Lines before the one containing "JDMSHCA 20 LBS" are left out; that line and every line after it, through the end of the records, are to be reproduced exactly.

**Data shown**
::::::
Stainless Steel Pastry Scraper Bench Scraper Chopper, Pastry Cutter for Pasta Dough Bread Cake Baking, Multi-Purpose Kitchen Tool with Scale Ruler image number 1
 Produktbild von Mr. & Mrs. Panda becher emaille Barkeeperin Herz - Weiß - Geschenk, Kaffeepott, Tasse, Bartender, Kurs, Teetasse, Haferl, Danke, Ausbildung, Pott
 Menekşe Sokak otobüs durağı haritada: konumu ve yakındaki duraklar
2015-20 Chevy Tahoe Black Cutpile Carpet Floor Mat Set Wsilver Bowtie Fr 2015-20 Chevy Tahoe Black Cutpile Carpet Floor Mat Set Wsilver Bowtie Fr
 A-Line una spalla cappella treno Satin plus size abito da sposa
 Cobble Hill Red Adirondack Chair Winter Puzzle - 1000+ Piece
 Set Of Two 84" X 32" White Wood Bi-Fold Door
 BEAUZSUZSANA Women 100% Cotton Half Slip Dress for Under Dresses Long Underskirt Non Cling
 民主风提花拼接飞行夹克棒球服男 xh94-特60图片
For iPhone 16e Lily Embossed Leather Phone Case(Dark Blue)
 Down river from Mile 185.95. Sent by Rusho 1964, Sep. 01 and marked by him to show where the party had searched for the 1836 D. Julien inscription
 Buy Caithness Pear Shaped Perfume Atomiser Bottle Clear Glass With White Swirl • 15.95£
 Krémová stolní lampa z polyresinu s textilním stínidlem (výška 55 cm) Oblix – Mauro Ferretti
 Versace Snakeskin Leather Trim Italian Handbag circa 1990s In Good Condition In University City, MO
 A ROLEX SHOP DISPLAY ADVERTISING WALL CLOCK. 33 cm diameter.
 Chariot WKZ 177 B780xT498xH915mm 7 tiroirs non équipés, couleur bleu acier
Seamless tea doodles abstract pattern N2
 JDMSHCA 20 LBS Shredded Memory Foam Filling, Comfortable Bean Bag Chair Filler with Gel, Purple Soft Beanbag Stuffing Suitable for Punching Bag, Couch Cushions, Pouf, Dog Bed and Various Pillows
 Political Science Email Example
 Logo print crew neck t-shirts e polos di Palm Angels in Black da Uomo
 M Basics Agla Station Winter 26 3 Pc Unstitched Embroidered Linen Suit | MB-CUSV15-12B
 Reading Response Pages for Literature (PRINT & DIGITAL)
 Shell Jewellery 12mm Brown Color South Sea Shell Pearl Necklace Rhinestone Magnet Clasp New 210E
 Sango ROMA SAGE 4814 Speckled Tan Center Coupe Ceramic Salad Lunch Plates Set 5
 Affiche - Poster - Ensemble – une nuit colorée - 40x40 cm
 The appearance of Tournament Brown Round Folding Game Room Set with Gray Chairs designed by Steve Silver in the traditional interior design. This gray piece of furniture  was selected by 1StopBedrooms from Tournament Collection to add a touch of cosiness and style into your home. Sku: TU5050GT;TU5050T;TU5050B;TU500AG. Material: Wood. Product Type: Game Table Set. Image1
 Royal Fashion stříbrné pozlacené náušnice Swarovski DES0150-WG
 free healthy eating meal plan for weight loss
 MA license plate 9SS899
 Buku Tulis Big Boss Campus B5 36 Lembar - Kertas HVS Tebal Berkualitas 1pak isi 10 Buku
::::::
**Written answer**
 JDMSHCA 20 LBS Shredded Memory Foam Filling, Comfortable Bean Bag Chair Filler with Gel, Purple Soft Beanbag Stuffing Suitable for Punching Bag, Couch Cushions, Pouf, Dog Bed and Various Pillows
 Political Science Email Example
 Logo print crew neck t-shirts e polos di Palm Angels in Black da Uomo
 M Basics Agla Station Winter 26 3 Pc Unstitched Embroidered Linen Suit | MB-CUSV15-12B
 Reading Response Pages for Literature (PRINT & DIGITAL)
 Shell Jewellery 12mm Brown Color South Sea Shell Pearl Necklace Rhinestone Magnet Clasp New 210E
 Sango ROMA SAGE 4814 Speckled Tan Center Coupe Ceramic Salad Lunch Plates Set 5
 Affiche - Poster - Ensemble – une nuit colorée - 40x40 cm
 The appearance of Tournament Brown Round Folding Game Room Set with Gray Chairs designed by Steve Silver in the traditional interior design. This gray piece of furniture  was selected by 1StopBedrooms from Tournament Collection to add a touch of cosiness and style into your home. Sku: TU5050GT;TU5050T;TU5050B;TU500AG. Material: Wood. Product Type: Game Table Set. Image1
 Royal Fashion stříbrné pozlacené náušnice Swarovski DES0150-WG
 free healthy eating meal plan for weight loss
 MA license plate 9SS899
 Buku Tulis Big Boss Campus B5 36 Lembar - Kertas HVS Tebal Berkualitas 1pak isi 10 Buku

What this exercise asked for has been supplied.